The dictionary defines empathy quite simply:
“It’s the ability to understand and share the feelings of another.”
And for most of us, this simple sentence describes one of life’s greatest challenges. We come at everything from our point of view. Our style combined with our backgrounds and experiences drive how we see things.
A couple of weeks ago, I attended a retreat for Vistage chairs with 10+ years. We call it Keepers of the Flame. It’s a place for reflection, learning and sharing. The retreat began with a speaker from a local theatre group. His talk was about empathy. He gave us a peek into the life of an actor and drew a parallel between acting and leadership. From his perspective, what defines a successful actor is their ability to empathize with their character. To really get inside and understand their story.

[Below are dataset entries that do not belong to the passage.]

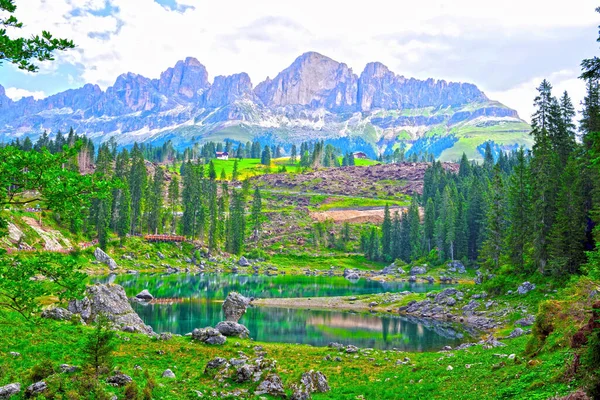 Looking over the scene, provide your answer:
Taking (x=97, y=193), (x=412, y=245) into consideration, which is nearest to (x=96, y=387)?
(x=97, y=193)

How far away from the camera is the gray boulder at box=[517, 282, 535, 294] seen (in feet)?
179

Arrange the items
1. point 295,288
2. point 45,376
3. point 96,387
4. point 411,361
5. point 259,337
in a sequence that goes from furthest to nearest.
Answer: point 295,288 → point 259,337 → point 411,361 → point 45,376 → point 96,387

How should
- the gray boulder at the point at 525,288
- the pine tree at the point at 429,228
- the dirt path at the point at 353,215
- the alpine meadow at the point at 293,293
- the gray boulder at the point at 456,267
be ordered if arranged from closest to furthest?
1. the alpine meadow at the point at 293,293
2. the gray boulder at the point at 525,288
3. the gray boulder at the point at 456,267
4. the pine tree at the point at 429,228
5. the dirt path at the point at 353,215

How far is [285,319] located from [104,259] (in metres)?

Actors follow these 3 guides to becoming their character:
- What if I were in their situation? What wants and fears drive who they are?
- “What if” allows us to empathize even when we cannot sympathize.
- And then to truly empathize, we must listen with charity.
With true empathy, our speaker said, while we may not sympathize with a murderer, we can empathize and then become the character. We begin to understand the character by asking ourselves, what wants, fears and experiences drove them to take the life of another person?
And then he challenged us, isn’t this the same with leadership? Or for that matter with all our interactions with others? If we can step outside ourselves if only for a moment, can we see the world as the person sitting across from us sees it?